Exercise prompt: Lines to return, exactly: from the line with "Blueberries Pine and" to the line with "Offener Zopfstrickpullover mit Wolle" in the entries below, both included.

Input data:
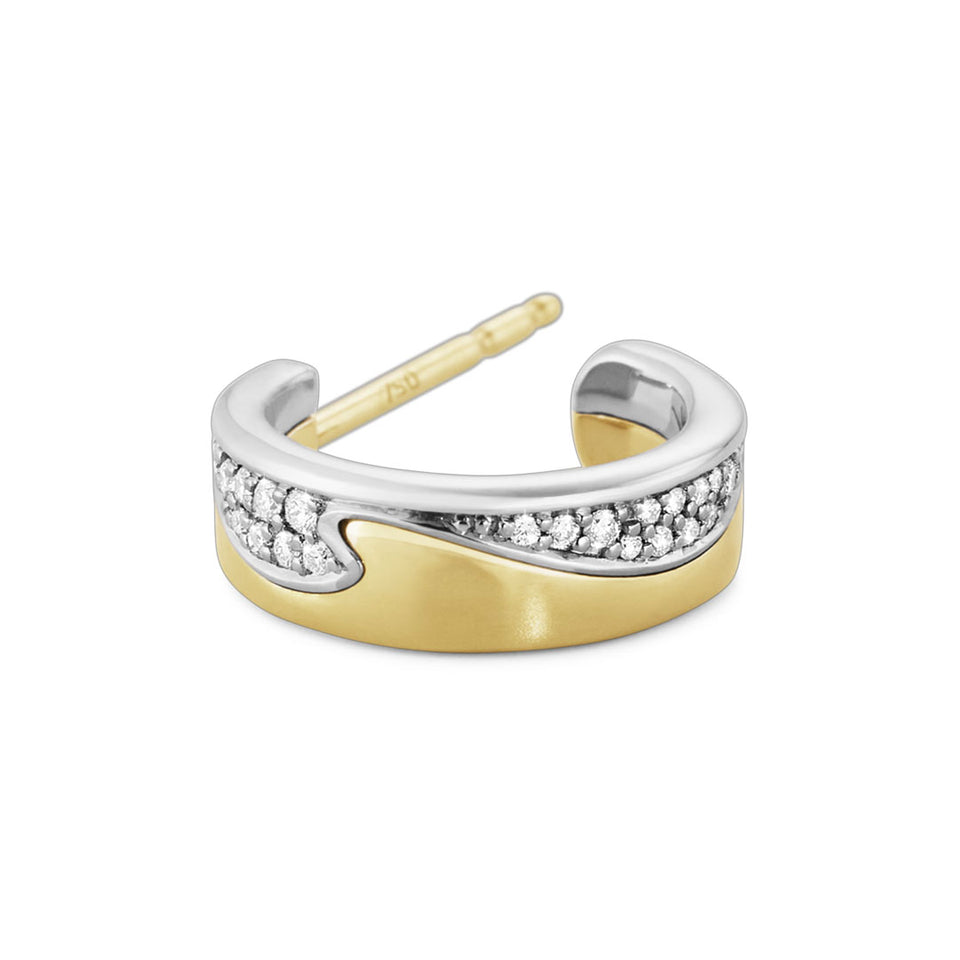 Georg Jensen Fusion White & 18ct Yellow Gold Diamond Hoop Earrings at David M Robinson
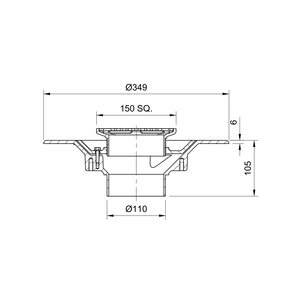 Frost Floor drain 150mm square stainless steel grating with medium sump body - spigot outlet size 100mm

--

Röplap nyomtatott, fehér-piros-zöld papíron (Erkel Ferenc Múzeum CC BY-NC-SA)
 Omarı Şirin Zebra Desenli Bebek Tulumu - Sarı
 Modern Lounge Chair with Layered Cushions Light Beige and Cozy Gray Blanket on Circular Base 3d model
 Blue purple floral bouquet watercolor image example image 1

--

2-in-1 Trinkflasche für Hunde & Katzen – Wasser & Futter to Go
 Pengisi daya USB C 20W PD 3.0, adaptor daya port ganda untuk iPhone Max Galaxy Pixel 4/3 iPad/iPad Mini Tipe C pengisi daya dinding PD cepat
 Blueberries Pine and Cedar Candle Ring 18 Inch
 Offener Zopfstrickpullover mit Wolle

Answer space:
 Blueberries Pine and Cedar Candle Ring 18 Inch
 Offener Zopfstrickpullover mit Wolle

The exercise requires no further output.